Mr. Young had no particular objection to the amendment. He believed if the question was submitted to the people they would ratify it. The negroes had inalienable rights given them by the Constitution. It was tyranny for one set of men to arrogate to themselves the right of suffrage, and deny it to another class. No white man is deprived of the right in our State, except for crime, and in all nations criminals were excluded from the ballot. And how can we make a distinction as to color? Who is to decide whether a man has white or black blood in his veins? Negroes were permitted to vote in Virginia two hundred years ago, and it was not until 1833 they were deprived of that right. He could not forget that the negroes had helped to put down the rebellion. It was no new thing under the sun. Why force it upon the Southern States, and not accept it ourselves.

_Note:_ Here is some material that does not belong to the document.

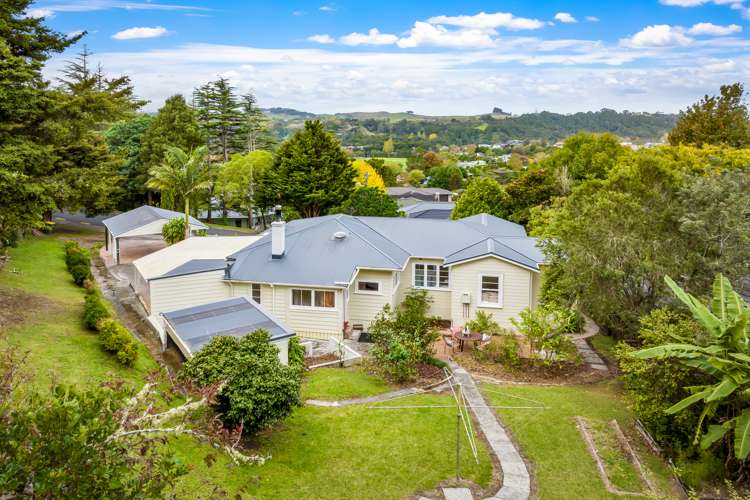 28 View Road Warkworth_14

Mr. Phelps thought it should go before the people. This question should not be acted on at this session. He was not opposed to the resolution in principle. It was making so great a political revolution, in so short a time, that the people would not unde[r]stand the matter until compelled to yield to it. ‘Twas simply a proposition from Congress, and not dictation. Upon a question of so much moment as this, ‘tis the part of wise legislators to take time to consider. If the resolution were forced upon him now, it would force him to take a position he did not want to assume. He believed the 4,000,000 of colored voters in the South would eventually hold the balance of power in that section. They would be used and controlled by the large landholders. Are we ready for that?
The vote being taken on the amendment of Mr. Davis, resulted in its rejection.
The yeas were – Messrs. Applegate, Davis, Wilson and Young – 4.
The Nays were – Messrs. Hoke, (President,) Boreman, Burley, Cathers, Dix, Drummond, Doolittle, Leonard, Phelps, Ramsdell, Werninger and Workman – 12.
The question being on the adoption of the resolution.
Mr. Workman said he expected to vote for the resolution. He had opposed agitating the question hitherto, because it was not before us, but now it was before us, and if for no other reason, than that his conscience told him it was right he would vote for it. If his people did not think he was doing right, there were plenty of others who desired the position he held. We have forced negro suffrage on the South, where negroes are more ignorant than here, and we should be willing to take it ourselves.
Mr. Young believed the resolution was right, and hence he would vote for it. He was ready to join the democratic party, if it would endorse negro suffrage, and the republicans would refuse to do so. He was no policy man.
Mr. Burley had no great feeling upon the subject. He thought this a result of the war, and was willing to accept the situation.
The vote resulted in the adoption of the resolution:
The Yeas were – Messrs. Hoke, (President,) Burley, Dix, Drummond, Doolittle, Leonord, Ramsdell, Werninger, Workman and Young – 10.
The Nays were – Messrs. Applegate, Boreman, Cathers, Davis, Phelps and Wilson – 6.
After the announcement of the vote, Messrs. Boreman, Cather and Pelps arose and stated now that the resolution was adopted they would co-oporate [sic] with their Republican friends, and defend it.
Source
The Wheeling Daily Intelligencer. (Wheeling, W. Va.), March 4, 1869.  Chronicling America: Historic American Newspapers. West Virginia & Regional History Center, Library of Congress.